Birkaç âyette Hz. Peygamber’in “zelle” denilen bazı hataları hatırlatılmış ve düzeltilmiştir (meselâ buna yakın bir uyarı örneği için bk. Tevbe 9/43). Ancak bunlar içinde nisbeten sert bir üslûp taşıyan tek öğüt ve uyarı konumuz olan âyetlerdedir. Bu âyetler, vahyin objektifliğini ve peygamberin insanlığa kendi istek ve düşüncelerini değil, ilâhî vahyi tebliğ ettiğini, ayrıca onun bir ilâh gibi yanılgısız sayılmaması gerektiğini göstermesi bakımından son derece anlamlıdır. Bunun kadar önemli bir husus da Resûlullah’ın, kendi tutumunu eleştiren bu âyetleri, en ufak bir kaygı ve komplekse kapılmadan halka okuması, duyurmasıdır. Bu da onun dâvetindeki samimiyetini, hakikat sevgisini ve üstün ahlâkını gösterir. 

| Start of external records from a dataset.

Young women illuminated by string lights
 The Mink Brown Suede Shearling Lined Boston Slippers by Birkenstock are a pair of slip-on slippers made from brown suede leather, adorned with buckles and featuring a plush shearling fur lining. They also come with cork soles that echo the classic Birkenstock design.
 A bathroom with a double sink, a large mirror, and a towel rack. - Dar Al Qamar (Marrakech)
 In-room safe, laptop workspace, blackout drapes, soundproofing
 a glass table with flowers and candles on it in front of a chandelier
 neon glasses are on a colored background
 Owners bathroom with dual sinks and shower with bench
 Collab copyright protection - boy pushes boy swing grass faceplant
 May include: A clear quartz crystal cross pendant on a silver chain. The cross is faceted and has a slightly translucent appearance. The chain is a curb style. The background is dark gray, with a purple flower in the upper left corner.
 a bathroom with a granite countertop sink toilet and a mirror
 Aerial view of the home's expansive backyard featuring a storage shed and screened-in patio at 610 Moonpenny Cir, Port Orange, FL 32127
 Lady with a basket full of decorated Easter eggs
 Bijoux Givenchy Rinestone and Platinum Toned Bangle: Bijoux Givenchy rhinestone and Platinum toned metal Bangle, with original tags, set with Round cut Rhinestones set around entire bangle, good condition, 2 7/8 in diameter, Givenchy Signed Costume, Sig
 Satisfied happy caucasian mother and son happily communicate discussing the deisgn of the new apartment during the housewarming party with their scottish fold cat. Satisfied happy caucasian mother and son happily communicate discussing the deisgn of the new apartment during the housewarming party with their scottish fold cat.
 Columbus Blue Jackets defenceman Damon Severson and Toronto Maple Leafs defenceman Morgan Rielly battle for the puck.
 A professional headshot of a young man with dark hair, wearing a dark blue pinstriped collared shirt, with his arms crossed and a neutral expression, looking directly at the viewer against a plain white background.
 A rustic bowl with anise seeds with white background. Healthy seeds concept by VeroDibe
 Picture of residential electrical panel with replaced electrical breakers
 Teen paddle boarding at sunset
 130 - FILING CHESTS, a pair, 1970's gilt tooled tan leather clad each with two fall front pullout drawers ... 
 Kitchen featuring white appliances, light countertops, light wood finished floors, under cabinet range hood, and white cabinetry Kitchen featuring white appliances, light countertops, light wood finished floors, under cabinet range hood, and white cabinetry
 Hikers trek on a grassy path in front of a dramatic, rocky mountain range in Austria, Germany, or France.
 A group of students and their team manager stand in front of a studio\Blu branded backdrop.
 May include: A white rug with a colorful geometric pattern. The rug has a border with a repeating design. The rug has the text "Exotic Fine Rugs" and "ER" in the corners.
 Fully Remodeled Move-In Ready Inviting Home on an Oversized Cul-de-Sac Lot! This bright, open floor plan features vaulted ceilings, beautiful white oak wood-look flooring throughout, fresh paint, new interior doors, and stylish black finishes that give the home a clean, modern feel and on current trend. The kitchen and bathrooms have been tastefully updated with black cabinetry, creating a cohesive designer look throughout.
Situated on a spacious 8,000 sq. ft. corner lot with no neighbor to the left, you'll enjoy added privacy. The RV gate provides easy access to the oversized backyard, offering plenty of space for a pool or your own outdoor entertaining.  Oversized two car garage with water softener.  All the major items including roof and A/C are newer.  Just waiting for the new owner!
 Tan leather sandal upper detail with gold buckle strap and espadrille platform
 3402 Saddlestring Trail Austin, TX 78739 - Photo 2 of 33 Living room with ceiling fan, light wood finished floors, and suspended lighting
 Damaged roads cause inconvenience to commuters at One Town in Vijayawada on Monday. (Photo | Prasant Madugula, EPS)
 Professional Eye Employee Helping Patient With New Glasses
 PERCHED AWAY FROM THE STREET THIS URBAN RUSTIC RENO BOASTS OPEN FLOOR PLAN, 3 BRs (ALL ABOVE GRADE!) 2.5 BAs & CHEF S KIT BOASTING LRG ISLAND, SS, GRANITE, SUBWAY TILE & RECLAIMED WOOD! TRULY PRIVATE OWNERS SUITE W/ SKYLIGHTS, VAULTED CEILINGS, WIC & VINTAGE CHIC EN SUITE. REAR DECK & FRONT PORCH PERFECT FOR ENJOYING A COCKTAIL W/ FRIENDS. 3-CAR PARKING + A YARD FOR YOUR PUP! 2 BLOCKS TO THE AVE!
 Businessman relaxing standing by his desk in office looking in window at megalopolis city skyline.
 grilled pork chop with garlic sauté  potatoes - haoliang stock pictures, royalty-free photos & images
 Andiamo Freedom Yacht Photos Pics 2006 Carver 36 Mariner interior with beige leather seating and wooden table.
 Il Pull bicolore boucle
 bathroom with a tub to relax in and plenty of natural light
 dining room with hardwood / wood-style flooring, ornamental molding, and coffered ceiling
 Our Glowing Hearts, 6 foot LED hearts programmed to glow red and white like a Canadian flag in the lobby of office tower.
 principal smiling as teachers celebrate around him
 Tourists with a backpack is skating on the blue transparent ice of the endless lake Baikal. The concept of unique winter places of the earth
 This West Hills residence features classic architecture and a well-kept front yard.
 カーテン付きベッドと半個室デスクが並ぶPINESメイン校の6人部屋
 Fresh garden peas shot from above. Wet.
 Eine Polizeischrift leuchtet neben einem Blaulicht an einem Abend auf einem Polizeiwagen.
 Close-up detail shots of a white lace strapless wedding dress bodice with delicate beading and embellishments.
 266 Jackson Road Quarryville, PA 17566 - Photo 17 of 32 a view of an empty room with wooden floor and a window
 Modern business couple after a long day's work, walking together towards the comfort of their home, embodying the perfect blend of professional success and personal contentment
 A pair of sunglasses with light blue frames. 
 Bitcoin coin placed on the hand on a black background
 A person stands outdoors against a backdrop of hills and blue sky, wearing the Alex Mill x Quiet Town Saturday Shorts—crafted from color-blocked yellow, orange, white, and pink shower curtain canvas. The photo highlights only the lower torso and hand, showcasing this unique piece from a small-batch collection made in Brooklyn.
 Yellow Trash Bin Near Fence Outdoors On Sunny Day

“Kendini her bakımdan ihtiyaçsız gören” diye çevirdiğimiz 5. âyet Mekke’nin ileri gelen zenginlerinin ve kabile reislerinin hâkim karakterini ifade eder. Bunlar mal ve adamlarının çokluğu sebebiyle büyüklük taslayarak inkârcılıkta devam ediyor, Allah ve peygamberinin kendilerine doğru yolu göstermelerine ihtiyaçlarının olmadığını söylüyor veya böyle bir tutum sergiliyorlardı. Allah korkusu ile huzuruna gelen görme engelli kişi ise Kur’an’ın nuruyla aydınlanarak cehaletten kurtulmak ve günahlardan arınmak istiyordu.

Kaynak :  Kur'an Yolu Tefsiri Cilt: 5 Sayfa: 555
 

فَاَنْتَ عَنْهُ تَلَهّٰىۚ


فَ  harfi  اَمَّا ‘nın cevabının başına gelen rabıta harfidir. اَنْتَ عَنْهُ تَلَهّٰى  cümlesi 8. ayetteki  مَنْ ‘in haberi olarak mahallen merfûdur.

Munfasıl zamir  اَنْتَ  mübteda olarak mahallen merfûdur.  عَنْهُ car mecruru  تَلَهّٰى  fiiline mütealliktir.  تَلَهّٰىۚ  mübtedanın haberi olarak mahallen merfûdur. 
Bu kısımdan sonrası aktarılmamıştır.